The line $r$ has the following equation: $ \begin{cases} x-y+2=0 \\ 2x-z+1=0 \end{cases} $
What's the equation of the line perpendicular to $r$ and going through $P(0,0,-1)$, written in the same form as $r$?
I started solving the system of equations and got $\begin{cases} x=-\dfrac{1}{2} + \dfrac{1}{2} t \\ y = \dfrac{3}{2} + \dfrac{1}{2}t \\ z=t\end{cases}$ but I'm not sure what to do from here.
Thanks in advance.
On
The perpendicular will be at the shortest distance between P and r. Distance (squared) is $(\frac{t-1}{2}-0)^2+(\frac{t+3}{2}-0)^2+(t+1)^2$ Minimum is $t=-1$. Therefor point on the line is $P_1=(-1,1,-1)$ and the line you want is $P+s(P_1-P)$.

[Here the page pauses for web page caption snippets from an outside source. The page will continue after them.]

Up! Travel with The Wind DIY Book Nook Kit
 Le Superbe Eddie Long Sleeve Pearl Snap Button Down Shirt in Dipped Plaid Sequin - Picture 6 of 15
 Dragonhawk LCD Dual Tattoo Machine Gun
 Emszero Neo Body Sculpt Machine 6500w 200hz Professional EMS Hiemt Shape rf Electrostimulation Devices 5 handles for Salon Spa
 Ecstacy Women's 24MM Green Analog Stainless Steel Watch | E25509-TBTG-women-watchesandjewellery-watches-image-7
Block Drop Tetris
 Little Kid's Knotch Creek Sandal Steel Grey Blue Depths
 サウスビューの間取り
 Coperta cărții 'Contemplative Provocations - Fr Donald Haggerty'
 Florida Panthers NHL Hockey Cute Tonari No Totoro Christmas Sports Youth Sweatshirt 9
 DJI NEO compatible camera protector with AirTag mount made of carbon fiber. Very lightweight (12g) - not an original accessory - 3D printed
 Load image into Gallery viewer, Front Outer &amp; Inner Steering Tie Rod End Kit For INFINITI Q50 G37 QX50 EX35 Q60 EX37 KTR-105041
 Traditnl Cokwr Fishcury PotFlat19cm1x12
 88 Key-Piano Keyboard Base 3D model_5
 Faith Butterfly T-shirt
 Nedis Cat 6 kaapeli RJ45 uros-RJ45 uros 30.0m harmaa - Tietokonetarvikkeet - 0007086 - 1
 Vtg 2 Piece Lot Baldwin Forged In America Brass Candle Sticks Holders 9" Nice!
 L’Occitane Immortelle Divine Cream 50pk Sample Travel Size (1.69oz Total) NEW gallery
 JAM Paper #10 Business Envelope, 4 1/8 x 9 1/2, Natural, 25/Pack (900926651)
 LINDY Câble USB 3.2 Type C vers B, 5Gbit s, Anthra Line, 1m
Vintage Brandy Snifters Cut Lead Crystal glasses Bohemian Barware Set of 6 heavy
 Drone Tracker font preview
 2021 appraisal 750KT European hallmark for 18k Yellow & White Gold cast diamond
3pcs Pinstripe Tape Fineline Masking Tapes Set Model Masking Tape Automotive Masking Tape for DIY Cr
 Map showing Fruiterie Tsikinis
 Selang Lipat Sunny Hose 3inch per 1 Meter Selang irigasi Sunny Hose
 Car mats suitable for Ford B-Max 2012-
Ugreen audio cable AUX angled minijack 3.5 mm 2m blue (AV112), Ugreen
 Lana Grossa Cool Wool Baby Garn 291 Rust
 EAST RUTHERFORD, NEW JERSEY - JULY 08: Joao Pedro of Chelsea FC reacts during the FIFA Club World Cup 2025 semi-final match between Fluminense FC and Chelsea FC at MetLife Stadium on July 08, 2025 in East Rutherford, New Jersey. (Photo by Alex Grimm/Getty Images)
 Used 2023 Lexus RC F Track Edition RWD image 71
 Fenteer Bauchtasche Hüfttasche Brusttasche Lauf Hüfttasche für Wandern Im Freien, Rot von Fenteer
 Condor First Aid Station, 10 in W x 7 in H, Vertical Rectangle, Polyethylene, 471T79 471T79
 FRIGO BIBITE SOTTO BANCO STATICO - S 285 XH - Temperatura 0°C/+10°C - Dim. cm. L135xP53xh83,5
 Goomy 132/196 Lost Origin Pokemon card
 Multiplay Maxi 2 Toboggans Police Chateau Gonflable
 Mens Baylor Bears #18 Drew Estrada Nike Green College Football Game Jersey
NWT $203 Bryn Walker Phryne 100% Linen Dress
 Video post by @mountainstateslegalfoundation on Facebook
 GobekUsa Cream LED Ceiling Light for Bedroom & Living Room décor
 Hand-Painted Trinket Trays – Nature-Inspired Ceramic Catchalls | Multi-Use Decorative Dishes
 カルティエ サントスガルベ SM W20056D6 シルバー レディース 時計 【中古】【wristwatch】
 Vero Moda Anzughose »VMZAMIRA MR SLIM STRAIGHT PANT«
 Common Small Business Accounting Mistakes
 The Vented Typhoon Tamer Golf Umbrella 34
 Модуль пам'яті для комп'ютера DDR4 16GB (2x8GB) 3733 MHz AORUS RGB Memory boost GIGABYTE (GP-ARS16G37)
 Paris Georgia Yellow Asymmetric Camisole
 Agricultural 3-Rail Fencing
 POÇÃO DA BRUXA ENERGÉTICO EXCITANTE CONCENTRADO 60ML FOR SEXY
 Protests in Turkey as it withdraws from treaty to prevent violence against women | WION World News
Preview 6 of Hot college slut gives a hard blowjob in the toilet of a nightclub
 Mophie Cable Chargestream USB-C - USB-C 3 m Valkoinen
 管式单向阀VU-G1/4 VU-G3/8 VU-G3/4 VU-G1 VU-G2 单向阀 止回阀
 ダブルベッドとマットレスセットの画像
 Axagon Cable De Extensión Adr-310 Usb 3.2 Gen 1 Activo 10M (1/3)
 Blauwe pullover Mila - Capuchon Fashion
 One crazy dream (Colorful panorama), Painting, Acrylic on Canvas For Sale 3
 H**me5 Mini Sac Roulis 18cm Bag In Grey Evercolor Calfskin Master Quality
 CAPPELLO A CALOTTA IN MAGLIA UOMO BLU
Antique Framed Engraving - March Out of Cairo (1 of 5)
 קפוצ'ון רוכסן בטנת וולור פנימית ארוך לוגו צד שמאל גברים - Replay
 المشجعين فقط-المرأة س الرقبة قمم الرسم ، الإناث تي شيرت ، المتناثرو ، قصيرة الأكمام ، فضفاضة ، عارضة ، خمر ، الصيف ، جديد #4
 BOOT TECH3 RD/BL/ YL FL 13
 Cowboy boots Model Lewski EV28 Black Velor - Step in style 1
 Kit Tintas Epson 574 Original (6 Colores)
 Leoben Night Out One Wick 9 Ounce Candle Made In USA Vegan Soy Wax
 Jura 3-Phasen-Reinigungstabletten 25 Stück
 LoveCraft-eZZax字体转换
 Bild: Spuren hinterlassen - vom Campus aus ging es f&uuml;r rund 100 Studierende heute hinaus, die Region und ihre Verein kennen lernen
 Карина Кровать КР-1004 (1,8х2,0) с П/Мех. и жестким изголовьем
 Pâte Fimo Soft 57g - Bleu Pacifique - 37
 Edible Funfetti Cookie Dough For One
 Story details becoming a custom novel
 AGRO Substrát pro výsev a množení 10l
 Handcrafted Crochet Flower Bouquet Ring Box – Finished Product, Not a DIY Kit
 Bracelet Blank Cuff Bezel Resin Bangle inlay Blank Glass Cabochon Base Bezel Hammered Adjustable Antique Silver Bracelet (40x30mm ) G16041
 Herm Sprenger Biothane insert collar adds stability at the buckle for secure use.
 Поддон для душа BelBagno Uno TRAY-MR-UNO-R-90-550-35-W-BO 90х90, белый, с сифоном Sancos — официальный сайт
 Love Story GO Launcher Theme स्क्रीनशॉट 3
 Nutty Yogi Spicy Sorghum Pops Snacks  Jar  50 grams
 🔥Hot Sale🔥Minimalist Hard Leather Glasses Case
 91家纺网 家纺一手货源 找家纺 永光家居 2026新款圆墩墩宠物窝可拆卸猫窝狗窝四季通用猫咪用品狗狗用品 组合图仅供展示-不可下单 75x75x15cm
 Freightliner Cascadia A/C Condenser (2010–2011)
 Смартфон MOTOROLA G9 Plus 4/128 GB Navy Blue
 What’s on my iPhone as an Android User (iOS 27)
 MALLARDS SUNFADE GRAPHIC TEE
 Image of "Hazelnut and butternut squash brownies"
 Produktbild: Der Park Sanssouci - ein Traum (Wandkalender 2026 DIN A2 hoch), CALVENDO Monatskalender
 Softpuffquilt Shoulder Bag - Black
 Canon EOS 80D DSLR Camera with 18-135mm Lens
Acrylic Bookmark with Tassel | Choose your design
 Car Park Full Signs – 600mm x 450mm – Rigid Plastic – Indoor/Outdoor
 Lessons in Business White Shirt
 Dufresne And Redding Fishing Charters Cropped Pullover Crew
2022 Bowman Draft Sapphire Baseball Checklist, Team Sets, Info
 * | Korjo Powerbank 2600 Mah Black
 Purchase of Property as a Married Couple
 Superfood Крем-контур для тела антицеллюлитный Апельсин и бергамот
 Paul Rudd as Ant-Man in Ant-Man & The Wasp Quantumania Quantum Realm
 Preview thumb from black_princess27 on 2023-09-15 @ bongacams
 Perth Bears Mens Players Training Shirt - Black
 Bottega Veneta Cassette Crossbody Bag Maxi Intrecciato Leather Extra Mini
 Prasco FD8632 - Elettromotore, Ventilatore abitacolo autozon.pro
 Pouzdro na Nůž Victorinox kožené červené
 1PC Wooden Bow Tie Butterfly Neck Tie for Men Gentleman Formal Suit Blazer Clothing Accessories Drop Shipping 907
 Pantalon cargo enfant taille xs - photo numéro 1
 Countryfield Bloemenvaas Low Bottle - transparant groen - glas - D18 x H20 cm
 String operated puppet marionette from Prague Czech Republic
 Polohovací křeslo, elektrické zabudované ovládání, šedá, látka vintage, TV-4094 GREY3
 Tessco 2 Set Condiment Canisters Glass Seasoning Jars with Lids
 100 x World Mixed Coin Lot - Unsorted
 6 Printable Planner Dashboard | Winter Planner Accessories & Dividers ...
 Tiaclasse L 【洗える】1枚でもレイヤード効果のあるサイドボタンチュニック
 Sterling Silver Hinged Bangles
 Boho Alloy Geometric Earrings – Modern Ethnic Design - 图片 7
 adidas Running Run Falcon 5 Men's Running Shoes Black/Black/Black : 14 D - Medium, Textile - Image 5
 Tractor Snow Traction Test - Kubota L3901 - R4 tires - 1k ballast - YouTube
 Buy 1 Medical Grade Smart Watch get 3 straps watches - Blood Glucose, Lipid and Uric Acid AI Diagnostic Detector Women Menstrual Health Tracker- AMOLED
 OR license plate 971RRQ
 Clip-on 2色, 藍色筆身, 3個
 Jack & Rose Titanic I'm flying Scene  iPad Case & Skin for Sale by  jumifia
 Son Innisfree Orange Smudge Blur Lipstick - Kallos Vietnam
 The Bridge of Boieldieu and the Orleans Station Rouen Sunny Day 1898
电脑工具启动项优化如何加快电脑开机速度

As a check $(P_1-P)\cdot r=0$
On
With $p = (x,y,z)$ given the planes
$$ \Pi_1\to < p-P_1, \vec n_1 > = 0\\ \Pi_2\to < p-P_2, \vec n_2 > = 0 $$
and the point $P_0$ we need a line
$$ L\to p = P_0 + \lambda \vec v $$
such that $< \vec v, \vec n_1 \times \vec n_2 > =0$ for $\vec v \ne 0$ and also
$$ \Pi_1 \cap L = \Pi_2 \cap L = p^* $$
or
$$ < p^*-P_1,\vec n_1 > = 0\\ < p^*-P_2,\vec n_2 > = 0\\ <P_0-p^*, \vec n_1\times\vec n_2> = 0 $$
those three conditions give $p^* = (x^*, y^*, z^*)$ the sought point.
NOTE
$<\cdot,\cdot >$ represents the scalar product of two vectors and $\cdot\times\cdot$ represents the vectorial product. Also
$$ \vec n_1 = (1,-1,0)\\ P_1 = (0,2,0)\\ \vec n_2 = (2,0,-1)\\ P_2 = (0,0,1) $$
On
You can take the plane normal to $r$ and going through $P$ and the plane going through $r$ and through $P$ as two planes defining the line $r_\perp$.
You know that the vector $\mathbf r =(1, 1, 2)$ is parallel to the line $r$, therefore $\mathbf r$ is a normal to the first plane and $\mathbf r \times (P_r - P)$ is a normal to the second plane, where $P_r$ is any point on $r$. Then $$r_\perp = \cases{ x + y + 2 z + 2 = 0 \\ x + y - z - 1 = 0}.$$
Now you have a parametric equation $R: \mathbb R\to\mathbb R^3$ for $r$.
Then solve for the $t$ such that $P-R(t)$ is perpendicular to the direction of $r$.